CaSE all-party debate at the Royal Society #1

The call of pie prevented me from watching the whole of tonight’s all-party debating panel (David Willetts, Julian Huppert, Liam Byrne) at the Royal Society organized by CaSE, so for the moment these are inadequate and heavily pie-fed gleanings, both political and scientifical, which may be followed by a Proper Post at some point, like with correct grammar and paragraphs and all:

1. The panel like each other, more or less. Huppert thinks Willetts is one of the good guys on, e.g., immigration. Byrne was the most overtly political, at least at first. Natural, I suppose, because the other two have cause to know each other in a working relationship sense. Willetts seemed genuinely quite thrilled that Byrne had actually read DBIS’s Innovation and Research Strategy for Growth Report 2011.

2. The panel generally are strong on their brief, and strong in their advocacy of it.

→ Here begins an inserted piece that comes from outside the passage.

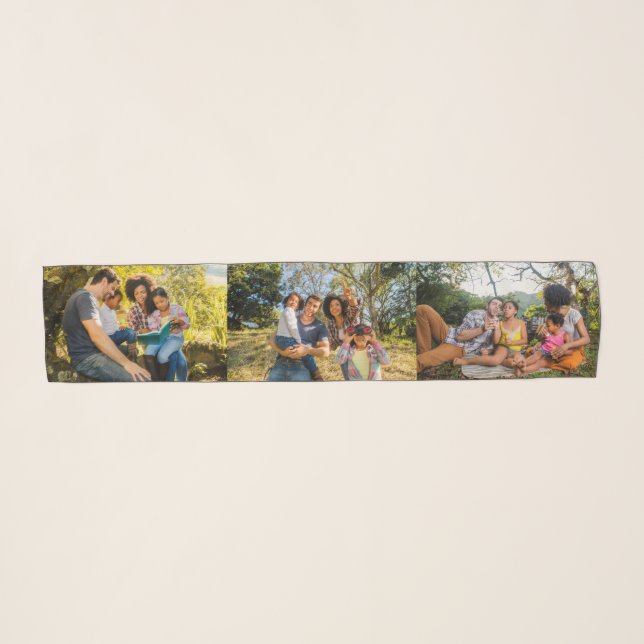 YOUR 3 PHOTOS custom scarf (Front (Horizontal))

It’s too early to tell how Byrne will really perform in his newly acquired shadow brief and perhaps he had the benefit of being somewhat carried by the other two, but he held his own, and if you are utterly depressed at the state of government and the intellectual paucity of the people in it you could do worse than look to these three.

3. I did a little oven-side dance when Julian Huppert flew the flag for older people retraining in the sciences (the context being the skills shortage generally and a pertinent question from the audience about how to address this problem now, rather than through the medium of improved primary school science teaching which has a 20 year lead time). Not because I have the slightest intention of retraining in the sciences, mind you, but I am broadly retrained, if only from one social science to another, and much as it has benefited me personally I do think the culture is against it. Basically, if I had my way I would carry on learning things forever, and I think it’s a crying shame people are supposed to get more confident and complete as they get older, rather than more wide-eyed. I think a bit more wide-eyed would be good.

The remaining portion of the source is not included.